In last Sunday’s sermon we meditated on Hebrews 4:12-13. I noted that the phrase, “Word of God,” has at least three meanings in the NT. It can refer to Jesus himself, to the preaching of the gospel, and to the inscripturated or written word. I also noted that in Hebrews 4:12 I think the Word of God refers primarily to Scripture (especially given the context of reflection on Psalm 95:7-11 in Hebrews chapters 3-4). In Hebrews 4:12, the inspired author uses four terms to describe the Word of God:
1. The Word of God is quick [living; Greek participle zon; like the name Zoe, meaning “life”]. For the use of “quick” compare the traditional phrasing of the Apostles’ Creed which says Jesus will return to judge “the quick and the dead” (i.e., the living and the dead).
There are many who would like for the Bible to be dead.
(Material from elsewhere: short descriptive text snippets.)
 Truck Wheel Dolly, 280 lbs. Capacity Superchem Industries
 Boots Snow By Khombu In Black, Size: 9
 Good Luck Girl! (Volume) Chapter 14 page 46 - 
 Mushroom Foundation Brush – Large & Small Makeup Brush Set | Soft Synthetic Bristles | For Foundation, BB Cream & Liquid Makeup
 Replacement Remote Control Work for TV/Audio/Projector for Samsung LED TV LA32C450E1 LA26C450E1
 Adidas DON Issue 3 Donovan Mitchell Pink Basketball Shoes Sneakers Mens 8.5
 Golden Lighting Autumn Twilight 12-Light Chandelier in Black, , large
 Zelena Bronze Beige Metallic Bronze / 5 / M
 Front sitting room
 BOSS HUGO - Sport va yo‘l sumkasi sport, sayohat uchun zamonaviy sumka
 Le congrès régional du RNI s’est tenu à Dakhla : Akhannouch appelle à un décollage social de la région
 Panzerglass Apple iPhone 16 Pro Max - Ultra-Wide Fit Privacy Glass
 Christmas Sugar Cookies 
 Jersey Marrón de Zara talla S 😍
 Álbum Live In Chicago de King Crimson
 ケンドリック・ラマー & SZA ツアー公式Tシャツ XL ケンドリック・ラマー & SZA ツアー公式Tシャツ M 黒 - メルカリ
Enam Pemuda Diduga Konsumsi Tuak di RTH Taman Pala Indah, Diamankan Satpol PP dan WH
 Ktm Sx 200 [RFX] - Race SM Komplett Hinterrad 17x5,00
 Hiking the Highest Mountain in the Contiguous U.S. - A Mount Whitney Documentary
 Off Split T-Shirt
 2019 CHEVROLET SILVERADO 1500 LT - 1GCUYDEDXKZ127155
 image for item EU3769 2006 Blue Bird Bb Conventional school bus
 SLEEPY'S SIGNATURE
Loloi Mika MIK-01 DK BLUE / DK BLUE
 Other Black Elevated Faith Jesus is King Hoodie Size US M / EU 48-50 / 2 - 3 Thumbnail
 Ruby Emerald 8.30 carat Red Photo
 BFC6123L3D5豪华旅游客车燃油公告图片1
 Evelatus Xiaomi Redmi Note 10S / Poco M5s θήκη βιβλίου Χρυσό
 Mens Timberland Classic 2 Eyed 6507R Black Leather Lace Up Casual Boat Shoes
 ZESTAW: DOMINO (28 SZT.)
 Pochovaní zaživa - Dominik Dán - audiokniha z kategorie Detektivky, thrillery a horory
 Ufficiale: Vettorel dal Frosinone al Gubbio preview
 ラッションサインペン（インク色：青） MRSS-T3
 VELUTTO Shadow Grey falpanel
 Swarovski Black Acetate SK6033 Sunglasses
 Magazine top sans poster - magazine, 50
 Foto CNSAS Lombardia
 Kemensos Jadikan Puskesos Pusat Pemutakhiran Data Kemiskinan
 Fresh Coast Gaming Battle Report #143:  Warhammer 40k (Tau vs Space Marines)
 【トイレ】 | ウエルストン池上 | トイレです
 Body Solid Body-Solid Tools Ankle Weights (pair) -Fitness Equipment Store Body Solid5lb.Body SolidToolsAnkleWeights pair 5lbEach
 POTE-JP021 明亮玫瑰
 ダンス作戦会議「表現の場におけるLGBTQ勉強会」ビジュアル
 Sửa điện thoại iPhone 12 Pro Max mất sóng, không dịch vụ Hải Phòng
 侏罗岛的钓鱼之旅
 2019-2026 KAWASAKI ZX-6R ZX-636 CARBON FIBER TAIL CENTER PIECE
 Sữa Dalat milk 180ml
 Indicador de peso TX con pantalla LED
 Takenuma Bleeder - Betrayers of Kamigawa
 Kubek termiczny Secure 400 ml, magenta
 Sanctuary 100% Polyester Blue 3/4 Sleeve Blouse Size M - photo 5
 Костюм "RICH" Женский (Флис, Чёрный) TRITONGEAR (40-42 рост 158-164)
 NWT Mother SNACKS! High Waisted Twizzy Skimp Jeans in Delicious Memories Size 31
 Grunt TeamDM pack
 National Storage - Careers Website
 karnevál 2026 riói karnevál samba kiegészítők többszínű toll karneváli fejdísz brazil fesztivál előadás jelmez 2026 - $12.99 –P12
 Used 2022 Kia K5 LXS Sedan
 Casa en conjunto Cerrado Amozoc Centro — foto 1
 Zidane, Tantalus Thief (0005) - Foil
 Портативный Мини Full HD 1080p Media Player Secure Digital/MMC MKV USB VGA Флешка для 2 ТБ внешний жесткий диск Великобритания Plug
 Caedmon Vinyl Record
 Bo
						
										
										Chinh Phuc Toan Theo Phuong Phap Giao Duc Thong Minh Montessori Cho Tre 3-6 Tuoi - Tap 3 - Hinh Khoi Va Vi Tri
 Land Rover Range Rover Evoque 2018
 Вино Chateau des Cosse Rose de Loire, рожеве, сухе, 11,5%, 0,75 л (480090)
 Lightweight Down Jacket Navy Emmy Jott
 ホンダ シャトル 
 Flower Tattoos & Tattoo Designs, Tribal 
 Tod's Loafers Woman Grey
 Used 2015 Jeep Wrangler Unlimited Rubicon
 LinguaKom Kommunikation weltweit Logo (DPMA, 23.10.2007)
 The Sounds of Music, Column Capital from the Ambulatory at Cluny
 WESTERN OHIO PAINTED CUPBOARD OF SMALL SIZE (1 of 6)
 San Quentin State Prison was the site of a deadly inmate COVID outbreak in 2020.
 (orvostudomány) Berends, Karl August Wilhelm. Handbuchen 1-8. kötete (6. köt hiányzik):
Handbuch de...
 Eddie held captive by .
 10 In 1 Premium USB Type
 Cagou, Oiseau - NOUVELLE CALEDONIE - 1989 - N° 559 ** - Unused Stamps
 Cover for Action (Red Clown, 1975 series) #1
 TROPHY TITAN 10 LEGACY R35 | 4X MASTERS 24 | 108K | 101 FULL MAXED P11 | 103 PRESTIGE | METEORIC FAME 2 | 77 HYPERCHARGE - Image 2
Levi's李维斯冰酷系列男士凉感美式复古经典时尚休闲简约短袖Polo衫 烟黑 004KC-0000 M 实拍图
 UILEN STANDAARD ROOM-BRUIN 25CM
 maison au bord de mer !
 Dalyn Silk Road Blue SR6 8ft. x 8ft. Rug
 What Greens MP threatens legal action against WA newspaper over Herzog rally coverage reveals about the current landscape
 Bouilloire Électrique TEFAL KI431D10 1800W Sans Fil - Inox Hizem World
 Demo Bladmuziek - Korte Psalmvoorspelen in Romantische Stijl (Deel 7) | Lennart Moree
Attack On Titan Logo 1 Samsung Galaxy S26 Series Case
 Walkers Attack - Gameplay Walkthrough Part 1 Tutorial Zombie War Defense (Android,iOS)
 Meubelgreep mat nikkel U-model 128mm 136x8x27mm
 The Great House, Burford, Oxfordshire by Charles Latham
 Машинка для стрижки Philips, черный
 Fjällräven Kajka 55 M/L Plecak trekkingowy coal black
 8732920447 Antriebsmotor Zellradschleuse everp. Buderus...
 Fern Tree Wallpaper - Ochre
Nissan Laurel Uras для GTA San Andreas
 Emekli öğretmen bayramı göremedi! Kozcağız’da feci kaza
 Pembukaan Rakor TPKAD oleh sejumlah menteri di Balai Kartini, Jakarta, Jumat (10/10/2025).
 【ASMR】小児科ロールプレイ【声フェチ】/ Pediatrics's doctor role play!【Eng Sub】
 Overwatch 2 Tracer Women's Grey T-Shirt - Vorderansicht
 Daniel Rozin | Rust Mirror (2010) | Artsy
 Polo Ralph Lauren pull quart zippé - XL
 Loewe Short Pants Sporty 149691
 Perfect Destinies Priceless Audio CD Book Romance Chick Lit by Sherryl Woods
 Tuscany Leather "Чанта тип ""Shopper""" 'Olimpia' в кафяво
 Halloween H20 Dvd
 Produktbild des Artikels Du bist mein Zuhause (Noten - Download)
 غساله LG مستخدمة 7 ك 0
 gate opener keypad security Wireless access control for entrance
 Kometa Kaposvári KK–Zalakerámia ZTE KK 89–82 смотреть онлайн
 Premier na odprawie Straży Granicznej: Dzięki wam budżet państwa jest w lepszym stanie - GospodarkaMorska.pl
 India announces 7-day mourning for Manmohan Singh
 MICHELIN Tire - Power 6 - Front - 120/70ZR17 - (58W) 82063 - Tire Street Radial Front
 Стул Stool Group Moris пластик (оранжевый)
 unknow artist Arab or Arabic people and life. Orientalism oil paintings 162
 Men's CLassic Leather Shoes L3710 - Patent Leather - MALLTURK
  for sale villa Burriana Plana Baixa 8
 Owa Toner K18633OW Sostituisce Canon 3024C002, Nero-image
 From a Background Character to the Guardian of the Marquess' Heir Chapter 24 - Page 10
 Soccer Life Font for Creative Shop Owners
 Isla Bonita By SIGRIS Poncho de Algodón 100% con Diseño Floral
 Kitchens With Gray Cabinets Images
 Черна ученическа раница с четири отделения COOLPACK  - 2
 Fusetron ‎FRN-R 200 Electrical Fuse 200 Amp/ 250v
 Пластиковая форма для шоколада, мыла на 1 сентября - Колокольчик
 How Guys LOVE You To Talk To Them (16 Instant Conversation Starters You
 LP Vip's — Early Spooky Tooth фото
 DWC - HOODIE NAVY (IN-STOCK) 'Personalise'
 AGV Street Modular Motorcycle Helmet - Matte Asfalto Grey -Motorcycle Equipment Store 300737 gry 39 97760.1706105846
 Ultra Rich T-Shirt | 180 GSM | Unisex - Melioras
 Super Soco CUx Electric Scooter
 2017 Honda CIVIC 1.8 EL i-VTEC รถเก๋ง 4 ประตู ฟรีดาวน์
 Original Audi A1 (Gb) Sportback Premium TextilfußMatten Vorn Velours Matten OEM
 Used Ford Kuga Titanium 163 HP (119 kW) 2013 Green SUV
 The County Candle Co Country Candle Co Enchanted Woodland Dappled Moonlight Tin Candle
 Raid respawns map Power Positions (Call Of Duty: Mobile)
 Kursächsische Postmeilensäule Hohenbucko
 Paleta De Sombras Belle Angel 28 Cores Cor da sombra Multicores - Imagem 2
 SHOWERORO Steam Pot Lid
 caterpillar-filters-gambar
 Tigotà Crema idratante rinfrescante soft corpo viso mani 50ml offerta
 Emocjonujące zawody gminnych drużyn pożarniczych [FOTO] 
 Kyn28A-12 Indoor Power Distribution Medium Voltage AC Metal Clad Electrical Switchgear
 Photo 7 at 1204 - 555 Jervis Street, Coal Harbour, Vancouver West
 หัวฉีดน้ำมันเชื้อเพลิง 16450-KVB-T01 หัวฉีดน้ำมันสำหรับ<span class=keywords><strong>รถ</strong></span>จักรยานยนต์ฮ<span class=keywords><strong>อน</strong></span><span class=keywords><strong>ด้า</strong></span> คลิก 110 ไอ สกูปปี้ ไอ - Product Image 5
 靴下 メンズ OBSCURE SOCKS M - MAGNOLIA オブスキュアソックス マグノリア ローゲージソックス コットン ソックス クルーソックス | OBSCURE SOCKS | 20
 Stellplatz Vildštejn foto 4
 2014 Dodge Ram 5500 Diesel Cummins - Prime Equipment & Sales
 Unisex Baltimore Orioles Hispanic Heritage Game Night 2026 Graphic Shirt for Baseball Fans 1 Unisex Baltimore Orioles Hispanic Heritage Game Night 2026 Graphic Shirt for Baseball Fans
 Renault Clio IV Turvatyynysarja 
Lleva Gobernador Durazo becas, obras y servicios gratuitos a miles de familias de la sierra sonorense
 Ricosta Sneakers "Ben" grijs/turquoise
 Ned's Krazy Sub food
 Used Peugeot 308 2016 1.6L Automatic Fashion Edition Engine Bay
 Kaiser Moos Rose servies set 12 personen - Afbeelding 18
They would like to officiate at its funeral. There are those who would like to place the Bible behind velvet ropes in a museum, like some religious artifact, telling the curious, “People actually used to read this old book and to follow its precepts.” There are some who want to treat the Bible as a literary treasure to be perhaps admired and studied but not taken seriously spiritually. Like the Prodigal Son they would like to take some cultural inheritance from the Bible while they run off to some far country to indulge in riotous living.
But the inspired author reminds us here that his Word is alive, and so is the preaching that thunders from it. It is a living Word, because it proclaims a living Christ and a living hope in the gospel.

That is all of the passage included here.